The removal of features from nautilus, screenshot, terminal etc annoys me a lot though. Same goes for the removal of the minimize button.

Finally, I only find gnome useable once I've installed the gnome extensions by frippery. Stock gnome is useless to me.

09 June 2015

612. Randomly Rebooting Router (E2500-AU v1.0 w/ TomatoUSB)

Rolling update:
* 24 June 2015: 7 days uptime with wifi working perfectly. Did reboot it last night because my work computer lost contact with the router somehow (connects via reverse tunnel). The issue with the Randomly Rebooting Router can be considered solved. Obviously, it's solved by crippling the router by turning off the 5 GHz band and tkip (the latter may not be related though).

* Submitted a bug report: http://tomato.groov.pl/?page_id=334&bugerator_nav=display&bug_project=1&issue=1833

* 16 June 2015 12:42 AEST.  The router has been up for two days and four hours (and counting) in spite of heavy use of our phones. Seems like turning off 5 GHz and/or switching from AES to TKIP has worked. A fair criticism is that I don't have much of a baseline to compare with when it comes to reboots, but subjectively there's a lot less swearing over crappy wifi the past two days.

* 14 June 2015 08:05 AEST. After two days of uptime when radio-silence was enforced, we turned our phones back on. The router rebooted later that night. Same thing happened the next night. After briefly putting dd-wrt on the router, I put tomatousb back on it, turned off 5 GHz and changed from AES to TKIP. The router has been up since 9.30 pm last night (10 h and counting)

Found this bug report: http://tomato.groov.pl/?page_id=334&bugerator_nav=display&bug_project=1&issue=1813

Also read this with interest: http://movingpackets.net/2013/11/18/linksys-e2500-deserves-no-airplay/

I've seen posts that find that dd-wrt doesn't have the randomly rebooting issue. dd-wrt doesn't support dual band, at least on e2500. I was surprised that v1 of the cisco linksys firmware had the same exact issue (random reboots when 5 GHz is on). It's all pointing in a specific direction.

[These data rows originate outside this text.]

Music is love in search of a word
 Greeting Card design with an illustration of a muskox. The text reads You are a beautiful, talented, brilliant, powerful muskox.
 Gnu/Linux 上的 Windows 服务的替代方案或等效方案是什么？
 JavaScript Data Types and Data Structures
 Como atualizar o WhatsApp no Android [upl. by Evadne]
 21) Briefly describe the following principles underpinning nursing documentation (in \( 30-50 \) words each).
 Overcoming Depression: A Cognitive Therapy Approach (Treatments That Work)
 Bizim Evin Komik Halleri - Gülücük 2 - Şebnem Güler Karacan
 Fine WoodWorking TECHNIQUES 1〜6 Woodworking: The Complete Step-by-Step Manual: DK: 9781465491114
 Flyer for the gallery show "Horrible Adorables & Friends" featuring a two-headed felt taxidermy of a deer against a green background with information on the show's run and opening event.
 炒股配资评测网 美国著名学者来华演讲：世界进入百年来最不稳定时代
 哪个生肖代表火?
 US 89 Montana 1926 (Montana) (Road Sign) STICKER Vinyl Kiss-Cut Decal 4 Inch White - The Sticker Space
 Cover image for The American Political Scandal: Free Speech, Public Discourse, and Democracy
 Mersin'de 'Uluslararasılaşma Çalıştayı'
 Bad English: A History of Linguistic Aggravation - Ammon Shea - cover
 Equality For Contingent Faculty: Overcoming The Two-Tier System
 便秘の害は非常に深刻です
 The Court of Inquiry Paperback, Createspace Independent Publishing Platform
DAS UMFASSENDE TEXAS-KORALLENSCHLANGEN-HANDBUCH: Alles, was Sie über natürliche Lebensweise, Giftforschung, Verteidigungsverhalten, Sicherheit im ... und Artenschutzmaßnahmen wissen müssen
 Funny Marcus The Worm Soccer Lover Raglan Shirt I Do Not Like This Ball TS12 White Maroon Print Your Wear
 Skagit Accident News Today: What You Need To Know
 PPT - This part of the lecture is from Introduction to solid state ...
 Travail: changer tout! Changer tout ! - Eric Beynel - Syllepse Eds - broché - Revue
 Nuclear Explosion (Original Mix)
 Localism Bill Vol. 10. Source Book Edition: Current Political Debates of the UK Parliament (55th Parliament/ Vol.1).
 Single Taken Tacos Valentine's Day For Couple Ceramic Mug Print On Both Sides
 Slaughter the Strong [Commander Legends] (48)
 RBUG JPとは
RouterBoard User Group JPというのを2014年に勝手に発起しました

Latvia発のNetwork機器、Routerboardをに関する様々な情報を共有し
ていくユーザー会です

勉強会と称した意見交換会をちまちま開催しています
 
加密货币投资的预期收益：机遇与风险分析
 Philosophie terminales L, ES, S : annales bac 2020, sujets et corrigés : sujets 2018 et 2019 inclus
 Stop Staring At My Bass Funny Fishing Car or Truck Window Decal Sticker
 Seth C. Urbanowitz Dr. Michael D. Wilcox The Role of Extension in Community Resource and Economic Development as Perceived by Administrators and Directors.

Not sure why using the 5 GHz channel with my laptop doesn't trigger the reboots, but maybe they did -- but happened less frequently due to the lower number of 5 GHz capable devices prior to us getting the phones.

* 10 June 2015 16:24 AEST. Since turning off wifi on the Samsung Galaxy S4 phones (but using the two laptops and the tablet listed below) the router has stayed up for 24 hours 8 hours and 11 minutes, and counting. The night between Monday and Tuesday, when we were using our phones, the router rebooted at least twice.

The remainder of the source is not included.